Голубоглазая статная женщина, выйдя из купе, улыбнулась:

— Маринка, не балуй.

Поезд остановился. Майор уже с перрона помахал мне рукой. Девочка тоже.

КОНЬ БЕЗ ВСАДНИКА

У обелиска, сооруженного в память о тех, кто, отважно сражаясь за Родину, пал на поле брани, всегда невольно замедляешь шаг. Но один обелиск, который я увидел в горах, меня особенно поразил. Среди седых вершин — на постаменте каменное изваяние коня с опущенной головой. Коня, вернувшегося с поля битвы без всадника. Что же стало со всадником? Поразила его, видать, вражья пуля, когда он мчался навстречу лавине огня. Горюет каменный конь. Горюют люди, проходящие мимо обелиска. И горит на гранитном холоде негаснущий огонь, качается, как ветка рябины в утренней росе, его алое пламя…
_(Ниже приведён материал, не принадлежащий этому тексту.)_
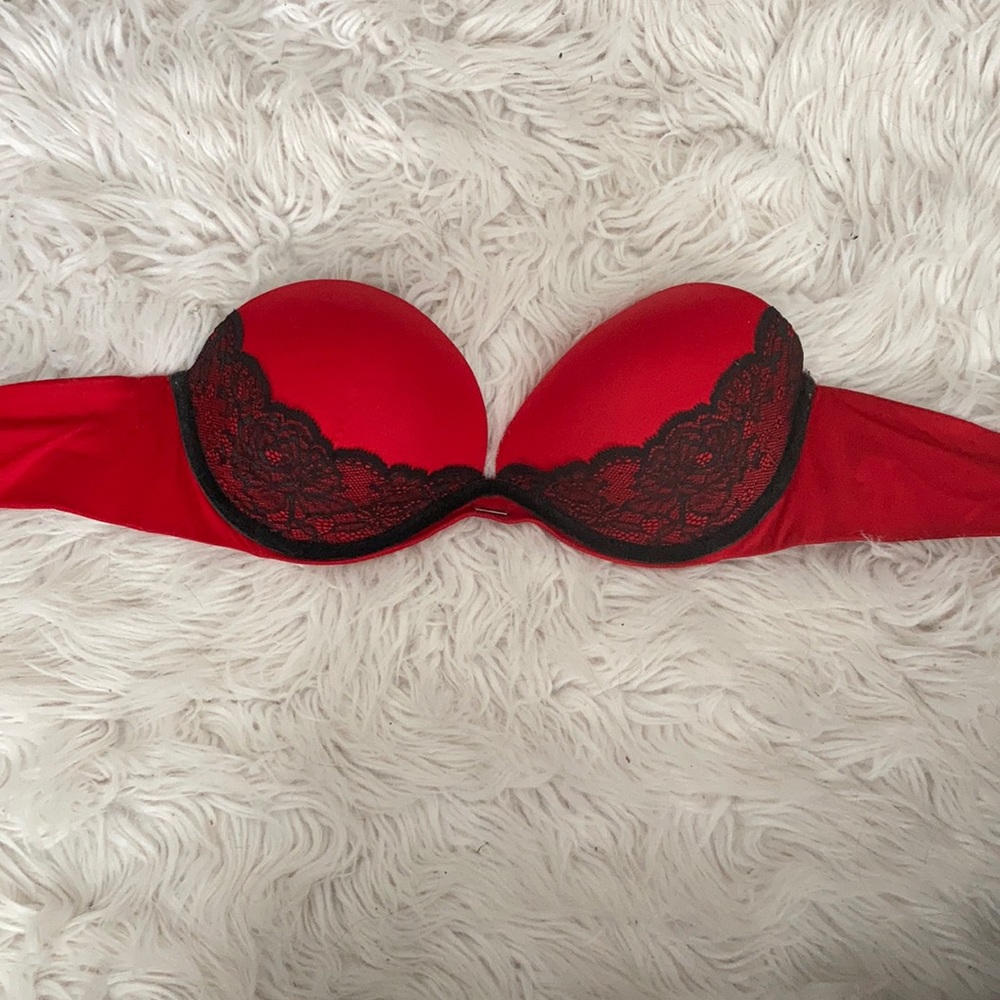 VICTORIA’S SECRET strapless bra
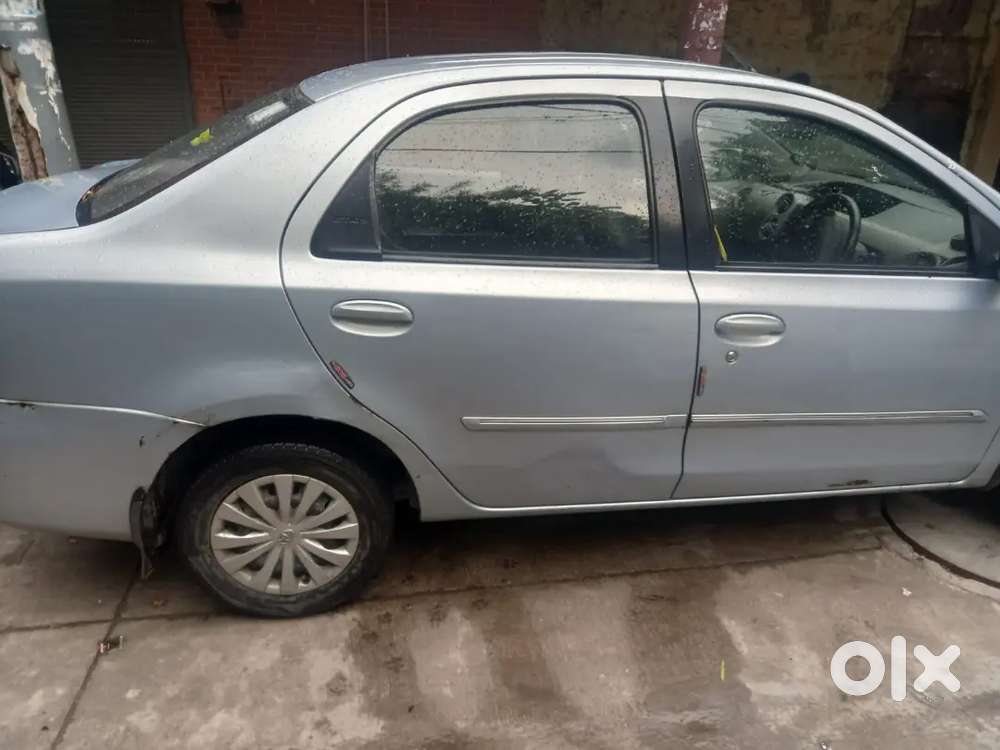 Toyota Etios 2011 Manual Petrol
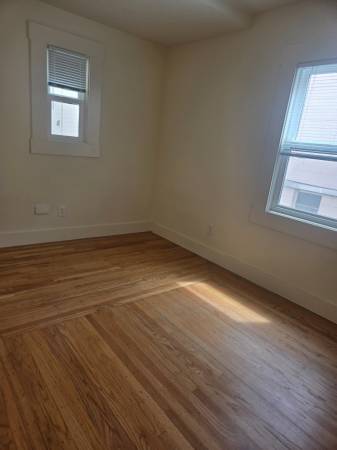 Apartments on Delaware St · Berkeley photo 5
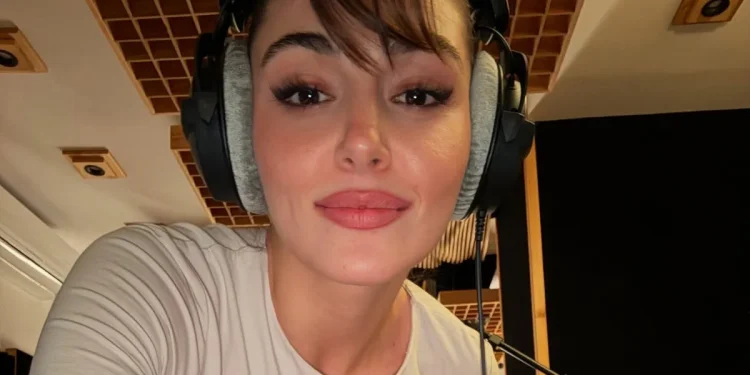 Hande Erçel’den Aşk Yorumu: “Bir Sandalye Bile Onu Hatırlatabilir”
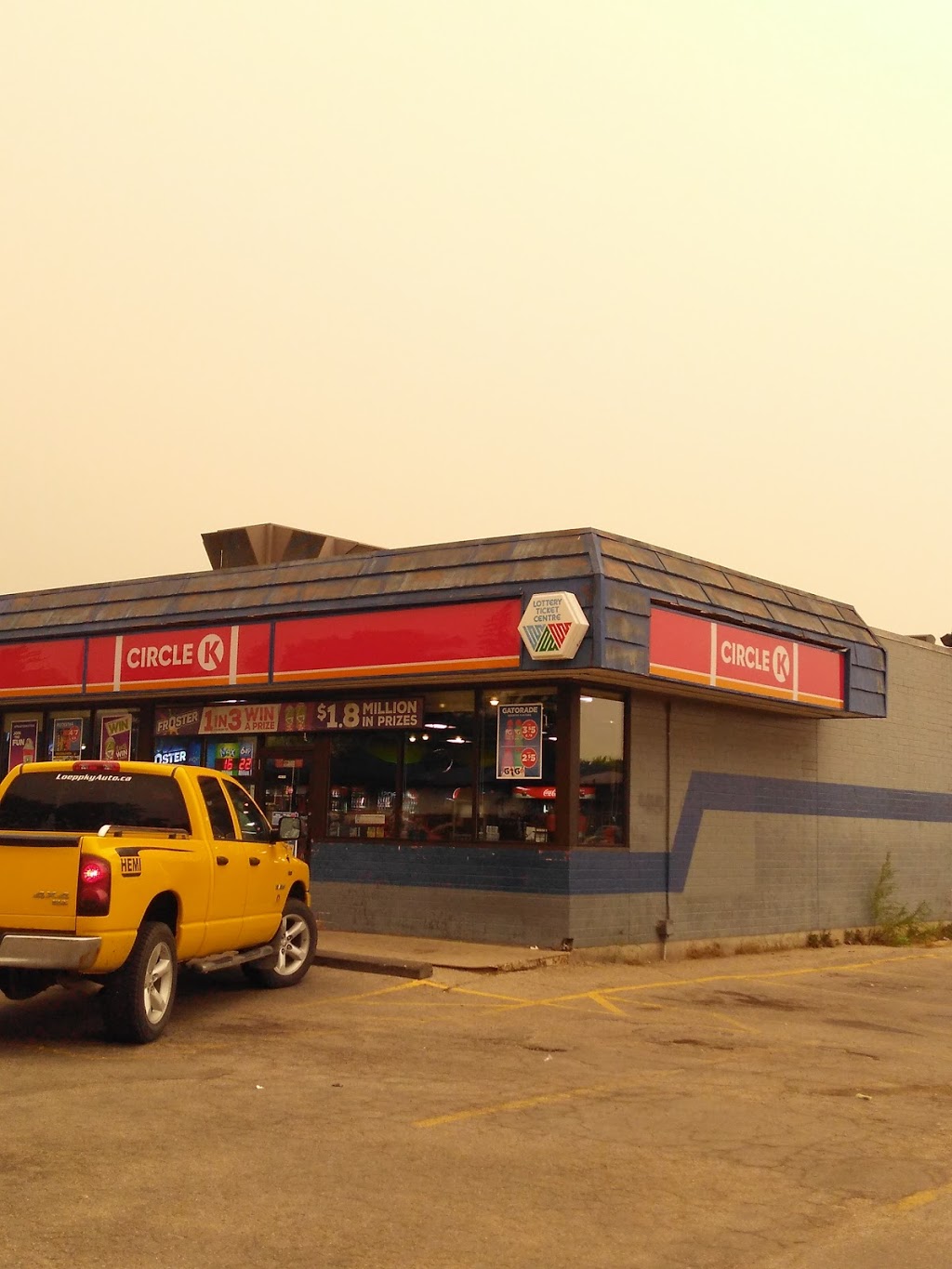 Macs | 1035 Autumnwood Dr, Winnipeg, MB R2J 1C6, Canada | Phone: (204) 257-5710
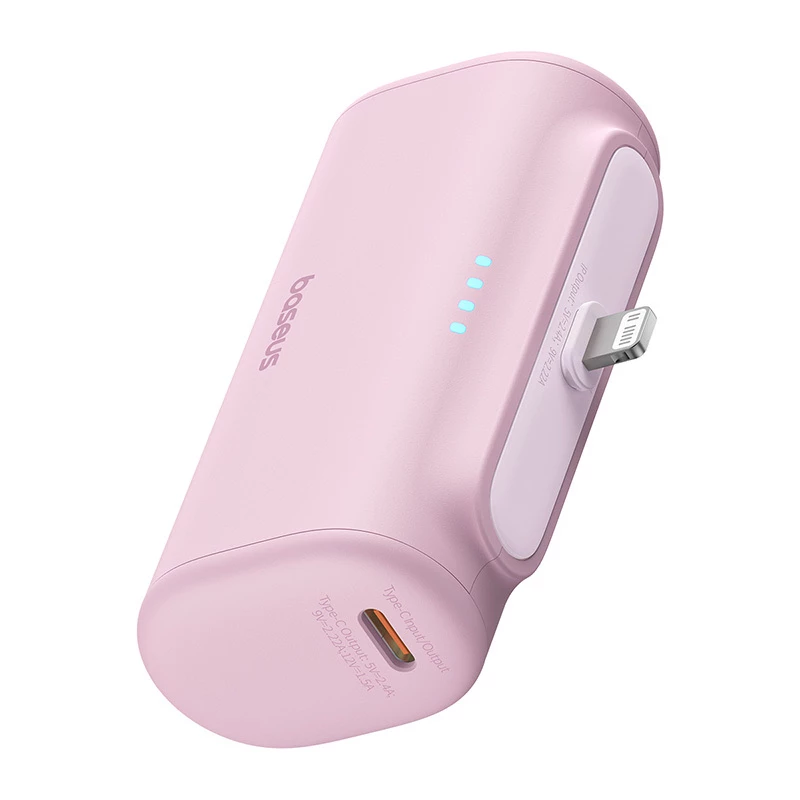 Rózsaszín power bank USB-C és Lightning csatlakozóval. Négy kék lámpa jelzi az akkumulátor töltöttségi szintjét.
…23 марта 1944 года самоходная установка старшины Я. Д. Крайнева приняла неравный бой с фашистскими танками у села Польный Олексинец Хмельницкой области. Несколько вражеских машин подбили советские воины, но вот вздрогнула и запылала их самоходка. Лишь сумка старшины была найдена сельчанами у разбитой машины.

Много лет спустя в селе был воздвигнут памятник погибшим воинам. На нем среди других было и имя танкиста Якова Дорофеевича Крайнева. Юные следопыты села повели поиск родных и близких погибших героев. И вдруг в школу пришло письмо… от Якова Дорофеевича. Вскоре он и сам приехал в Польный Олексинец.

Об этом рассказала своим читателям ставропольская краевая газета «Кавказская здравница». Крайнев с честью вышел из суровых испытаний, а газету с рассказом о его боевом подвиге мне передал сын Якова Дорофеевича — лейтенант Владимир Крайнев, которого я встретил на Севере. И было это в сентябре 1967 года, а позднее журналистская судьба занесла меня на Кавказ. Там я познакомился с Сергеем Степановичем Матвеевым. Знакомство с ним и послужило началом второй истории. Впрочем, по порядку…

Много раз подполковник С. Матвеев собирался поехать в отпуск в село Бородаевку, что в Днепропетровской области. Но не решался. «Боюсь старые раны разбередить», — признавался он жене.

Но вот отделу кадров потребовалось уточнить выслугу лет офицера. И тогда из Москвы в штаб части пришло письмо, а в нем такие строки: «По учетным данным, лейтенант Матвеев Сергей Степанович, командир взвода автоматчиков, погиб в бою 7 октября 1943 года и похоронен на восточной окраине села Бородаевка…»

— Устаревшие данные, — усмехнулся офицер, когда ему прочитали письмо. — Как видите, жив старый солдат, служу Родине. Транзисторный приемник вот недавно командующий вручил…

В то октябрьское утро сорок третьего года лейтенанта Матвеева и впрямь посчитали погибшим. А произошло все так. После форсирования Днепра наши войска вели ожесточенные бои с противником. В ночь с 6 на 7 октября лейтенант Матвеев, обстрелянный фронтовик, получил назначение на должность командира взвода автоматчиков в роту, охранявшую командный пункт 78-й гвардейской стрелковой дивизии. Ранним утром вместе с двумя офицерами он направился в расположение роты. Начался налет вражеских бомбардировщиков. Наши зенитчики подбили несколько стервятников. Один из них стал сбрасывать бомбы куда попало…

Что было дальше, Сергей Степанович не помнит. Ему поведали об этом другие.

— Иду, — рассказывал рядовой Бройт, — гляжу, из земли торчит лямка от вещмешка. Потянул за нее — ноги чьи-то показались. Откопал — вы, товарищ лейтенант, живой, только шибко контуженный. Ну, а тем двоим, что были с вами, мы уже ничем помочь не смогли…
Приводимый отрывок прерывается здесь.